Por alguna extraña razón siento que Aura fue mi novia desde la primaria.
Realmente me emociona hablar de ella, y quiero hacer saber de este amor,
admiración y respeto. Quiero hacer saber, la gran actriz que es. Sé qué quienes
la hayan visto lo saben. Es muy raro que alguien tan talentoso sea tan bajo
perfil, tan humilde, tan tranquila, tan tolerante. Bravo Aura.
¿Qué preparan?
Actualmente estamos ensayando Yo soy John Lennon. Venimos de
presentar cuatro obras en un ciclo de conmemorativo a nuestros 19 años, todo en
el Laboratorio Anna Julia Rojas de le respetada Carmen Jiménez, con dos obras
invitadas, una de ellas ¿Retazos? de
María Castillo y Oriana Matos, ambas talentosas colaboradoras del Pequeño
Grupo. La otra: Baby Bomm de Ana
Istarú bajo la dirección de Haudy Pacheco y con la brutal actuación de Aura
D’Arthenay. Repetimos La última voluntad
de Felipe Pirela y estrenamos La que
te conté de Armando Africano. Para el 12 de diciembre, haremos un ensayo
abierto de Yo soy John Lennon. Esta
pieza se estrenó en el 2010 en la Fundación Rajatabla, bajo la producción del
maestro Paco Alfaro, incluso, tuvo un participación con una voz en off que
realizó, seguramente fue de las última cosas que hizo, ya que lamentablemente
falleció pocos meses después. El año pasado hicimos una lectura dramatizada de
la pieza, pero ya la estrenaremos esta vez con Pequeño Grupo, será nuestro 14
estreno, y la obra 12 de nuestra autoría que Pequeño Grupo intenté hacerle
llegar al público. Esperamos poder presentarnos en el próximo Festival de
Teatro de Caracas, 2020. El año que viene se cumplen 80 años del nacimiento de
Lennon, 40 años de su asesinato, 20 años de la Fundación de Pequeño Grupo y 10
años del estreno de la pieza, es decir, las condiciones están para que hagamos
el más grande esfuerzo y podamos hacer este montaje, que será el cierre de
muchas cosas en nuestro grupo, y obviamente, el inicio de otras. Quisiéramos
presentar la obra en la sala Rajatabla, donde se estrenó y caminar con ella
como hemos hecho con muchos de nuestros montajes. Estamos actualmente
recibiendo la colaboración de un valioso grupo de jóvenes, muchos de ellos
estudiantes de la César Rengifo, quisiéramos consolidar con ellos un equipo.

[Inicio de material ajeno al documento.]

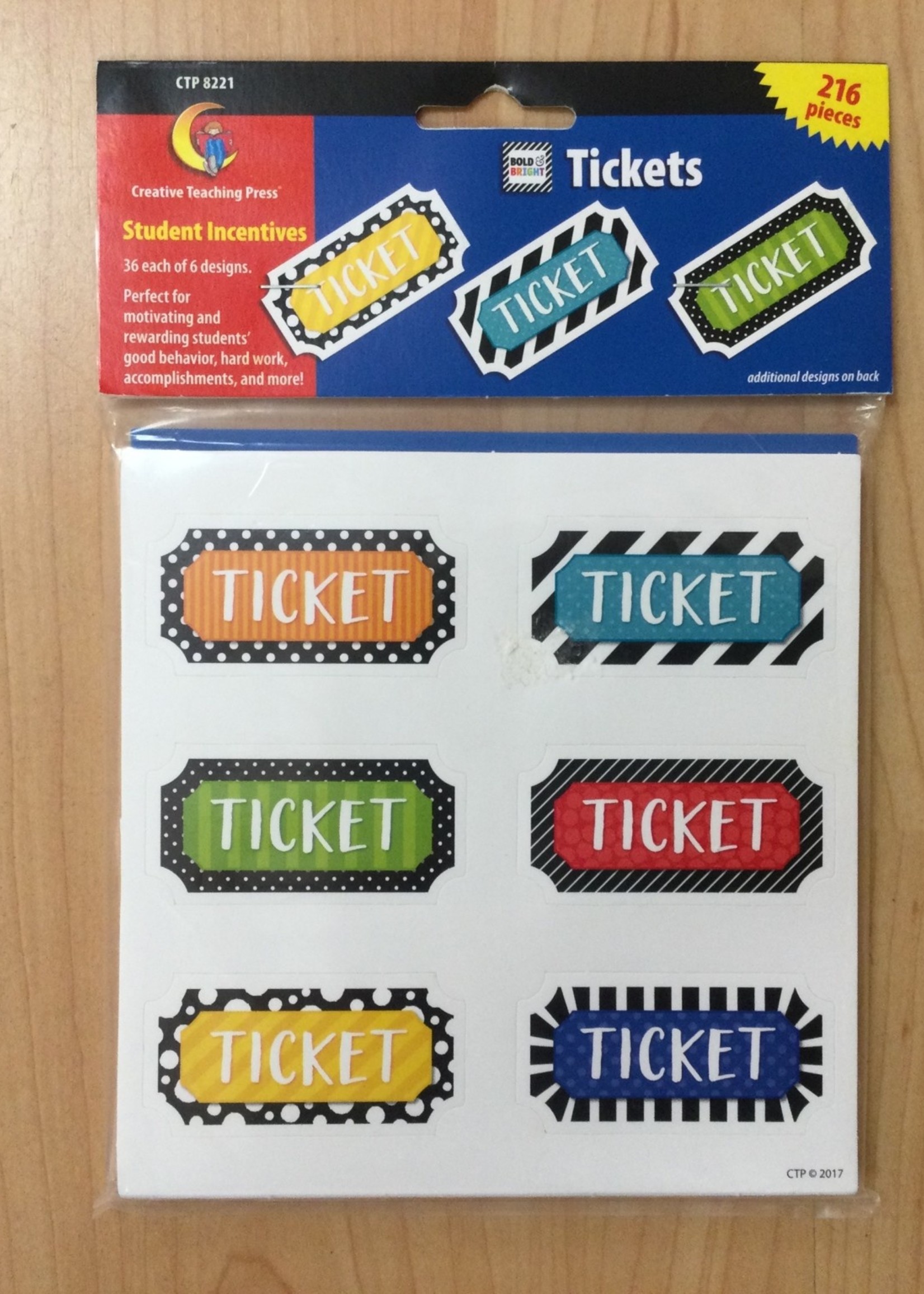 Bold & Bright Tickets Cutouts 216pc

Así como el de Larissa Colmenares y Charles Ramos, compañeros de la vida
teatral que nos apoyan en Yo soy John
Lennon. Milagro Alvarado, fundadora junto con nosotros del grupo, otra leal
y siempre integrante del nuestras filas. Norma D’Arthenay, siempre
colaboradora. A todos, a los que saben que están en nuestro corazón aunque aquí
no mencione, gracias, a todas las personas que en estos 32 años han colaborado
con nosotros, y los que han sido unos Pequeños Gruperos en algún momento en
estos casi 20 años de trabajo continuo. A usted, amigo Moreno Uribe, que nos ha
seguido y apoyado siempre, así como lo hizo Carlos Herrera, ambos reseñando y
criticando buena parte de nuestro trabajo.